Given that the RHI payments are deemed by the EPC which won't/can't include any pool heating why is there no provision in the RHI for DHW if a pool is involved? I understand that this may be possible in the future after amendments but not currently.
Solar thermal RHI is calculated from MCS024 which effectively uses SAP2012. The main basis is the m[SUP]2[/SUP] size of solar panel/tubes so any system sized to heat a pool would be over compensated against a system that was sized just for DHW demand. DECC have simply decided that metering doesn't apply in this situation.
The commercial RHI will pay for heating a pool as long as it is fully enclosed.
I could disconnect the pool side and let the array stagnate for half the year but the array will still be huge.
The customer is likely to be pretty annoyed with this situation, it wasn't a cheap system. We stopped doing thermal shortly after when the first delays to the RHI were announced and i've still not properly looked through all the RHI stuff.
So the payments are calculated differently for the different technologies, that's handy...
What are the chances of a system such as this being admitted after an amendment do you think?
MCS024 is a great deal more than SAP. It takes from SAP the hot water use calculation and some of the detail of solar thermal panel performance. There is an additional panel performance and other criteria used.

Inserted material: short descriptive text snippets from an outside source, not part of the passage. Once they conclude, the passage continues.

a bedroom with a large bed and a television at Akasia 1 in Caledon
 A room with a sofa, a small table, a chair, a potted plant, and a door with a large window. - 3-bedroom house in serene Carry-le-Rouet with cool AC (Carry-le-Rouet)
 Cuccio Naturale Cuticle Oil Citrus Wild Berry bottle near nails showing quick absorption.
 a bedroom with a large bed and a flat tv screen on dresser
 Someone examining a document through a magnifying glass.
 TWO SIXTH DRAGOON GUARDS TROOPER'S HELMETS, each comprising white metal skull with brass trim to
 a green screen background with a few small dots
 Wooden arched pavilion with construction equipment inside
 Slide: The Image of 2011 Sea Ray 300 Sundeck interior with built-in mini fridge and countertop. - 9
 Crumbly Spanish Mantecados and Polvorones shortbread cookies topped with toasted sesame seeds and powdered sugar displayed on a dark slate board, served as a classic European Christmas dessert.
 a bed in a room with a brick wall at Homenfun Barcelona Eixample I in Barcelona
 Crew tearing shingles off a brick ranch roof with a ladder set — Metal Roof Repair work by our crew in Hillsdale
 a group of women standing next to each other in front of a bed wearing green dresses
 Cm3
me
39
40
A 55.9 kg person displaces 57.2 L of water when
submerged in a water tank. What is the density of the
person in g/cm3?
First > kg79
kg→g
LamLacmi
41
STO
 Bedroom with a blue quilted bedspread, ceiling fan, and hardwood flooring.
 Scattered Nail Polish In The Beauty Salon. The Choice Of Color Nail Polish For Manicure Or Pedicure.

It then overcomes the major failings of SAP as far as retrofit and most other situations are concerned. You have to remember SAP is designed for a specific purpose and works off floor area. From this there is an occupancy calculation that starts from a national average of 3.1 people which simply doesn't work for solar thermal. MCS024 only reverts to floor area if occupancy is unknown. The RHI and MCS standards need to take account of actual occupancy to function in terms of both system sizing and payments.
Because the MCS024 calculation method is directed at domestic hot water supply, it cannot cope with solar water heating for other purposes. It is specifically designed to avoid the need for metering.
There is a review of the RHI in the autumn where other technologies (eg PV-T) may be brought in to scope. There may be provision made for swimming pools. For the reasons given metering would have to be involved if it is included. Best thing would be to lobby for its inclusion or get your customer to do so.
There is a review of the RHI in the autumn where other technologies (eg PV-T) may be brought in to scope. There may be provision made for swimming pools. For the reasons given metering would have to be involved if it is included. Best thing would be to lobby for its inclusion or get your customer to do so.
Metering still shouldn't be nescessary, so long as DHW is prioritised, you can still calculate the contribution to DHW even when all the excess is 'dumped' to a swimming pool.
You also have the situation wehere some manufacturers are paranoid about stagnation and always want some form of heat dump for any excess not used for DHW.
The big anomaly though is that it makes far more sense to be able to put ST into a thermal store than simply a DHW tank if you have one, yet the current RHI doesn't cope with it.